Output every line of the listing, exactly and completely.

++++ Supplied records

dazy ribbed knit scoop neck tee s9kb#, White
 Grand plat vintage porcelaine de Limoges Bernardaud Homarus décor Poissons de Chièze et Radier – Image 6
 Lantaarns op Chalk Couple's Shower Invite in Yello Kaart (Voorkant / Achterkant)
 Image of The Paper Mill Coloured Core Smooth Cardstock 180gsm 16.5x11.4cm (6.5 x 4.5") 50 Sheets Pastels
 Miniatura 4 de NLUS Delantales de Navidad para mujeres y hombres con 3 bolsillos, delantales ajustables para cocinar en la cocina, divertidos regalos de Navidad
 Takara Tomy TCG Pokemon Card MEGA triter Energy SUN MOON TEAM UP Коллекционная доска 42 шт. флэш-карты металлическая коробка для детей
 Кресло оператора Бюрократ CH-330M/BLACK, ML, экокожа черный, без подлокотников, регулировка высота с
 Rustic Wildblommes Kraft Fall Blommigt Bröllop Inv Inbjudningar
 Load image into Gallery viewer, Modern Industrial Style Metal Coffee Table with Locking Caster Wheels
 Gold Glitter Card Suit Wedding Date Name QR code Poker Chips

++++++++

# [Reply to the task]
dazy ribbed knit scoop neck tee s9kb#, White
 Grand plat vintage porcelaine de Limoges Bernardaud Homarus décor Poissons de Chièze et Radier – Image 6
 Lantaarns op Chalk Couple's Shower Invite in Yello Kaart (Voorkant / Achterkant)
 Image of The Paper Mill Coloured Core Smooth Cardstock 180gsm 16.5x11.4cm (6.5 x 4.5") 50 Sheets Pastels
 Miniatura 4 de NLUS Delantales de Navidad para mujeres y hombres con 3 bolsillos, delantales ajustables para cocinar en la cocina, divertidos regalos de Navidad
 Takara Tomy TCG Pokemon Card MEGA triter Energy SUN MOON TEAM UP Коллекционная доска 42 шт. флэш-карты металлическая коробка для детей
 Кресло оператора Бюрократ CH-330M/BLACK, ML, экокожа черный, без подлокотников, регулировка высота с
 Rustic Wildblommes Kraft Fall Blommigt Bröllop Inv Inbjudningar
 Load image into Gallery viewer, Modern Industrial Style Metal Coffee Table with Locking Caster Wheels
 Gold Glitter Card Suit Wedding Date Name QR code Poker Chips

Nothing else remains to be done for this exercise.